I recently had a couple articles (here & here) published in Projects at Work based on some discussions I had at the Project Flow 2011 conference. I'll admit going into this conference I wasn't an expert on Critical Chain. In one of my articles, I compared Critical Chain to Agile and came to the conclusion that Critical Chain is not a form of Agile. However, that doesn't mean they can't co-exist.
For those unfamiliar with it, Critical Chain is the project management approach based on Theory of Constraints (TOC), all based on books by the late Eliyahu M. Goldratt. Goldratt's books are interesting because they are written as novels, not text books.
The PMI Agile Community of Practice had a tweetchat last week on scaling agility with Mike Cottmeyer.
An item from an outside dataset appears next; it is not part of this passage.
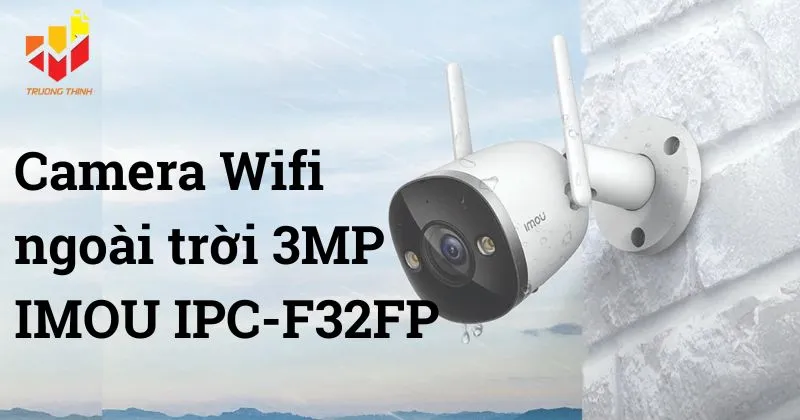 Camera Wifi ngoài trời 3MP IMOU IPC-F32FP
One of Mike's comments was about Theory of Constraint. Mike tweeted that at the lowest level in an agile organization are small projects using Scrum. At the higher level, TOC or Kanban can come into play as the work should take on more of a flow. Mike recommended reducing the dependencies between projects and reducing bottlenecks (full Tweetchat text can be found here for PMI Agile CoP members).
So what does this mean to you? One lesson to take from all of this is that we need to constantly keep our skills up to date. Earning your CSM is good, but not enough. You need to pick up on other techniques as well, so find a conference, pick up a book or two, or get involved with the PMI Agile Community of Practice. This way you can scale up your personal skills in agile.